The config file is a simple tab-delimited file that has three columns, the path to the folder produced by rapidStats, the name of the experiment, and list of regions need to be corrected in TCS based normalization. Each line is one dataset that should be included in the Normalization. Later these normalized statistics can be used to make comparison plots using rapidVis.

Config file format

location name background
/Control1/ Ctrl1 none
/Control2/ Ctrl2 none
/Condition1/ Cond1 geneA,geneB
/Condition2/ Cond2 none

geneA,geneB - Gene names provided as background should be same as provided in the rapidStats bed file.

rapidVis

The visualization module of RAPID is a simple R script, which creates informative plots from the output of rapidStats, and rapidNorm.

Input

  • Path of the output folder from rapidStats, and rapidNorm
  • BED file containing the localization and names of genes/regions need to be visualized. Care should be taken to include only the gene/regions which were quantified in rapidStats

Sample script:

Generic Format:

`Rscript rapidVis.r <plotMethod> <outputfolder> <annotationfile> <rapidPath>`

If you want to plot rapidStats output:

Rscript ${rapidPath}/rapidVis.r stats /path_to_output_directory_rapidStats/ regions.bed <$rapid>

If you want to plot rapidNorm output:

Rscript ${rapidPath}/rapidVis.r compare /path_to_output_directory_rapidNorm/ <$rapid>
arguments explanation
plotMethod stats OR compare-use stats to visualize rapidStats or use compare to visualize results of rapidNorm
out outputFolder_of_rapidStats.sh or rapidNorm.sh (Where Statistics and other files are located)
annot Annotation file similar to BED file given in rapidStats
rapidPath Must provide the location of the rapid installation bin folder (e.g. /home/software/RAPID/bin/)

rapidDiff

This module of RAPID implements DESeq2 software and generate basic graphs to highlight the differentially expressed gene/region among the samples.

Input

  • Path of the output folder from rapidStats
  • Config file describing the DESeq2 analysis setup

Sample script:

Generic Format:

./rapidDiff.sh --out=complete/path/outputDirectory/ --conf=data.config

If a different q-value cut-off is required:

./rapidDiff.sh --out=complete/path/outputDirectory/ --conf=data.config --alpha=0.01
If only reads of length 23bp, and 25bp should be considered: ::
./rapidDiff.sh –out=complete/path/outputDirectory/ –conf=data.config –alpha=0.01 -l=23,25
short long params explanation
-h –help output help
-o –out path to the output directory, directory will be created if non-existent
-c –conf the config file that defines which rapidStats analysis folders should be used for extracting the raw counts of gene/regions analyzed
-a –alpha qValue (adjusted p-value) cut-off to highlight in MA-Plot. Default is 0.05
-n –nVal Top ‘n’ values to be shown as heatmap. The top ‘n’ values are chosen in ascending order of qValue
-r –rapid set location of the rapid installation bin folder (e.g. /home/software/RAPID/bin/) or put into PATH variable
-l –restrictlength An INTEGER of Read Lengths to be considered (Default: All). Separate multiple values by commas.

Config file format

sampleName location condition
Control1 Ctrl1 untreated
Condition1 Cond1 treated

This config file is a simple tab-delimited file that has three columns, with the same headers as mentioned in the above format.
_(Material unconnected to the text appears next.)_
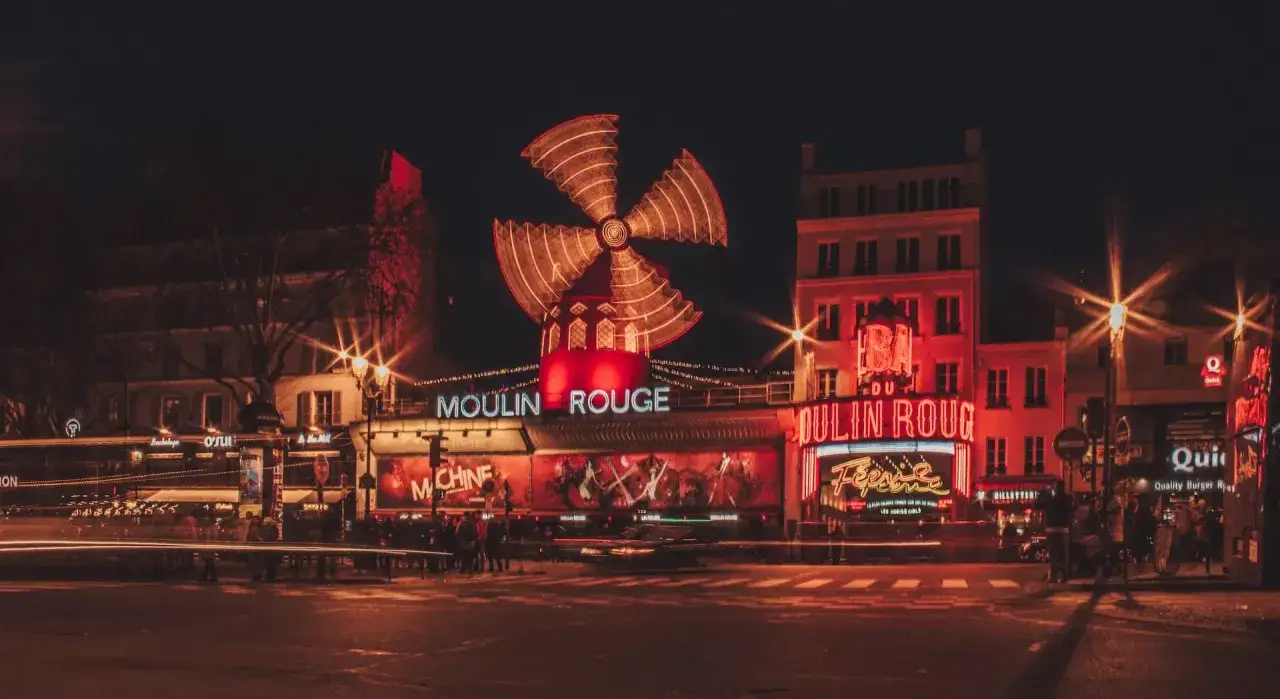 Nocny Paryż rozświetlony neonami kabaretu Moulin Rouge. Charakterystyczny wiatrak wiruje, zapraszając do świata rozrywki.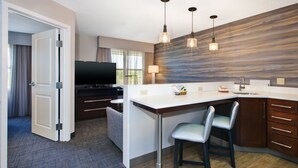 A modern kitchen with a bar area, a flat-screen TV, and a large window. - Residence Inn by Marriott Ann Arbor North (Ann Arbor)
sampleName tells the name to be used in the analysis output. location tells the location of rapidStats analysis folders should be used for extracting the raw counts of gene/regions analyzed (USE ONLY ABSOLUTE PATH) condition tells whether the sample is untreated or treated sample. For example, Use treated drug treated cancerous samples and untreated for cancer samples.